Available data:

****************

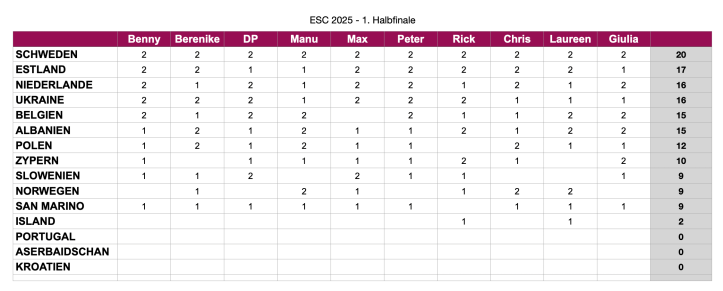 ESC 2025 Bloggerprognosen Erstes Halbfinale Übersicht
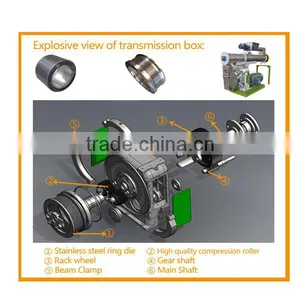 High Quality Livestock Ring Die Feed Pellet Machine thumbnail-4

****************

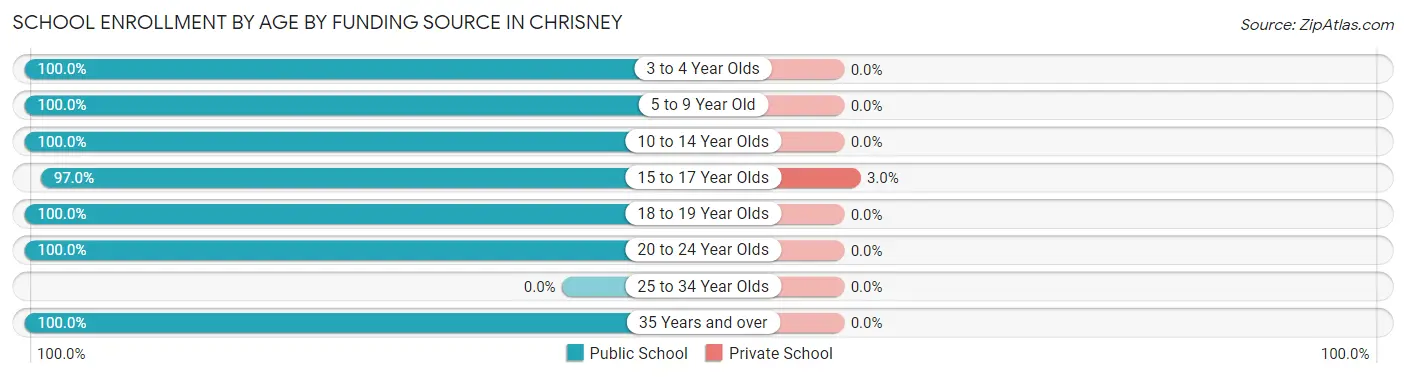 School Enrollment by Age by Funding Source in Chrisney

****************

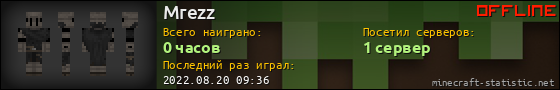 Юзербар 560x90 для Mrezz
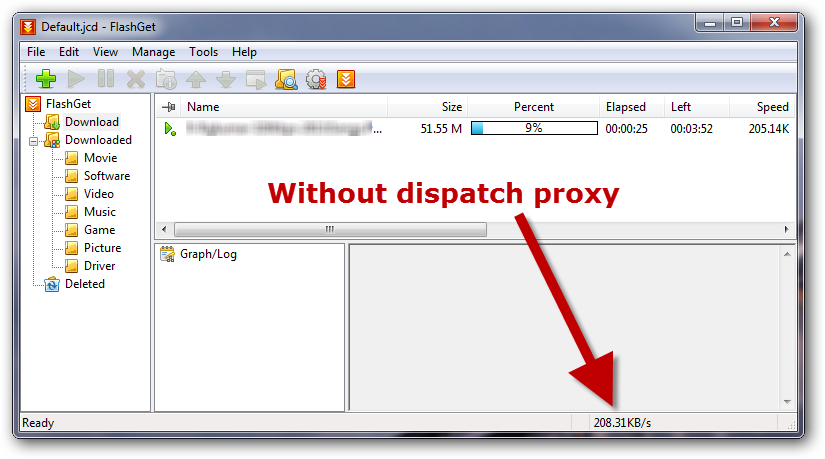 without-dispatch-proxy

****************

To do: Exact copy, pictures excluded: from the line with "ESC 2025 Bloggerprognosen" up to and including the line with "High Quality Livestock" in the data above.

Task result:
 ESC 2025 Bloggerprognosen Erstes Halbfinale Übersicht
 High Quality Livestock Ring Die Feed Pellet Machine thumbnail-4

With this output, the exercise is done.